# ABOUT THIS TASK
What is wanted is the full listing, word for word, without its pictures.

# DATASET CONTENT
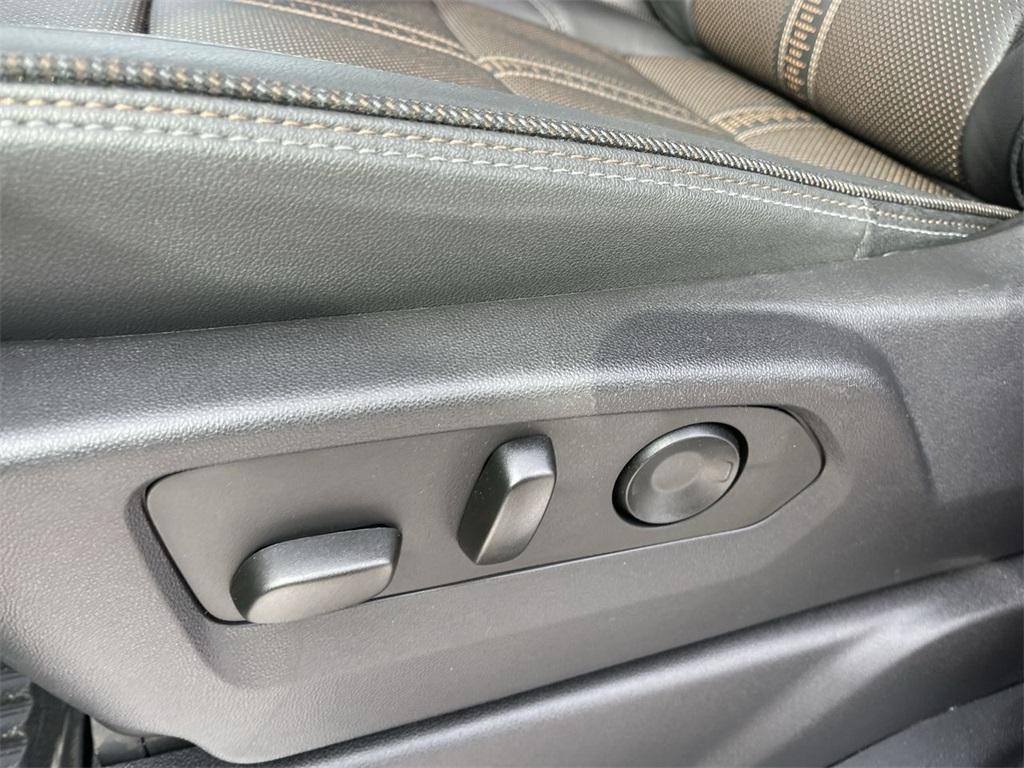 new 2025 Chevrolet Silverado 3500 car, priced at $92,935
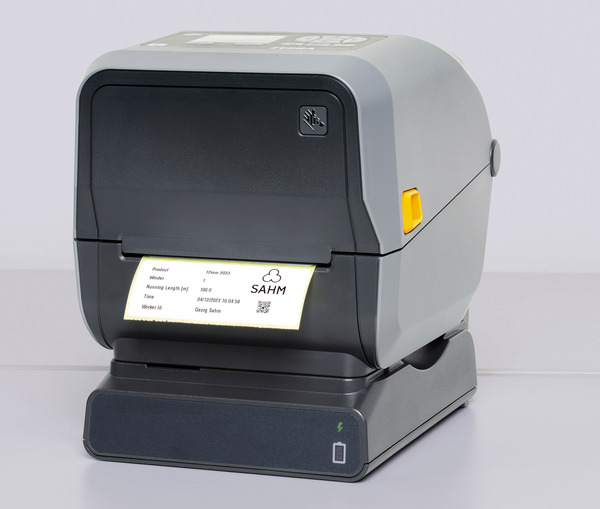 [Translate to 01 - Deutsch:] Label printing system of a SAHM winding machine - model SAHM 460XE Series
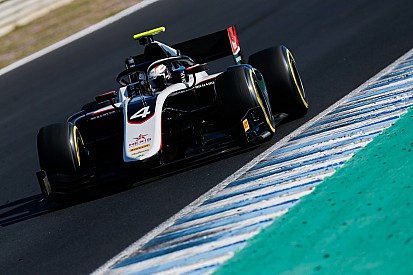 De Vries lidera el primer día de test de F2 en Barcelona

# ANSWER TO THE EXERCISE
 new 2025 Chevrolet Silverado 3500 car, priced at $92,935
 [Translate to 01 - Deutsch:] Label printing system of a SAHM winding machine - model SAHM 460XE Series
 De Vries lidera el primer día de test de F2 en Barcelona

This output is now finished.